初回にも書いたとおり、これを目にしたときに最初にドキッとしたのは、自分がいまどれくらいのトイレットパーパーを使ったかが、まったくわからなかったからだ。
これまでも公共のトイレで似たような注意書きは目にしたことはあるが、ほとんどが「一度に大量のトイレットペーパーを流さないで下さい」的なものであった。
今回の注意書きでいうと、英語版の第一文(Please do not use too much toilet paper. )を日本語にしたようなものだ。
具体的に何メートルと言わずに、抽象的に「大量の」という表現がされているので、書き手の考える「大量」と読み手(紙の使い手)の考える「大量」が一致するとは限らない。
書き手が見ると「大量」だが使い手が見れば「適正な量」の紙を流した場合、トイレは詰まってしまう。
そもそもトイレが詰まるという問題を発生させたくないから注意書きを作ったのに、これでは何にもならない。
では、なぜそんな役立たずの注意書きになってしまったかというと、「大量」という抽象的表現を使ったからだ。
だから、こういう場合の表現は、読み手がイメージを描けるよう、できるだけ具体的にした方がよい。
文章の書き方を解説した本には、よくこのようなアドバイスが載っている。
そして、たいていの場合はその通りだと思う。
だが、今回はどうだろう。
「5m」という具体的な数値が示されているが、私にはまったくピンと来なかった。
だから、「もしかしたら、もう5m以上使ってしまったかもしれない」と不安にもなった。
では、いったいなぜ、ピンと来なかったのだろう。
私なりの結論は、「5m」が私にとっては少しも具体的な表現ではないから、というものである。
1mとか2mぐらいなら、自分や子どもの身長、マイカーの車高、天井の高さなど、いろいろと参照できるものを思い出せるので、だいたいこれぐらいというイメージが湧く。

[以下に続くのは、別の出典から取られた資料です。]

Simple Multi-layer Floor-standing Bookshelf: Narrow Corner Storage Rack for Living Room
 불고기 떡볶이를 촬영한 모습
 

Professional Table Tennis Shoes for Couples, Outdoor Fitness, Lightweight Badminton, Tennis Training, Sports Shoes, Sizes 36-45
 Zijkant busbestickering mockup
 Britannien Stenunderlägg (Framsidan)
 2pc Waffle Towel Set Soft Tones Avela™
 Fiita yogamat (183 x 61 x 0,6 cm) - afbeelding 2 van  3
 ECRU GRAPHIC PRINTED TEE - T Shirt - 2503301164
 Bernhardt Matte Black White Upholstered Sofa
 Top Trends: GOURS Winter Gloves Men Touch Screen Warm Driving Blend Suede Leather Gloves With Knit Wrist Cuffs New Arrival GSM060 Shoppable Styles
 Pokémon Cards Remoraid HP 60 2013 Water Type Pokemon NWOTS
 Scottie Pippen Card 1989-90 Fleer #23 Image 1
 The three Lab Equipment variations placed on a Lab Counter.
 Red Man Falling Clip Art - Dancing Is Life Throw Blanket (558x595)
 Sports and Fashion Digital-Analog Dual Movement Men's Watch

だが、5mでは(あくまでも私の場合は)そうしたイメージが湧かない。
感覚的につかめない。
だからわからない。
むしろ、「大量のトイレットペーパー」の方が、過去にトイレを詰まらせた経験などからイメージが思い浮かぶ分、私にとっては具体性を帯びた表現と言えなくもない。
それはともかく、今後またこのホテルに泊まることもあるだろう。
そのときにまたトイレで悩まずに済むよう、予め5m分のトイレットペーパーがどんなものか確認しておくことにしよう。
ということで撮ったのが下の写真である。
自宅の廊下で予め5mを測っておき、その長さ分トイレットペーパーを伸ばしてみた。
皆さんの役には立たないかもしれないが、私にはずいぶん「5m」が身近になった気がする。
よし、これでもう悩むこともあるまいと思ったが、ちょっと待てよ。
これだけの長さを一度に(つまり、途中で切らずにこの状態で)使うことはまずないだろう。
たいていはもっと短い紙を何度か使うはずだ。
そうなると、残念ながらこの「5mのトイレットペーパー」のイメージもあまり役に立ちそうにない。
むしろ知っておくべきは「通常私は一回につきトイレットペーパーをどれくらい使うのか」ということであろう。
さっそくトイレに向かう。
いつもと同じ要領でトイレットペーパーをカラカラと引き出し、だが、お尻は拭かずに紙を手にしたまま部屋に戻る。
丸まったトイレットペーパーを床の上に丁寧に伸ばし、メジャーで測定。
結果は1m30cm。
世間一般と比べて長いのか短いのか、それはわからない。
そもそもこれまで人と比べる機会がなかったし、これからもないだろう。
だから、読んで下さっている方の参考にはならないが、少なくとも自分の役にはたつ。
次回、あのホテルに泊まったときには、トイレットペーパーの使用回数を4回までとし、最後の4回目はやや短めに留めると紙詰まりが回避できるということだ。
くだらないことかもしれないが、それがわかっただけでも何だか安心である。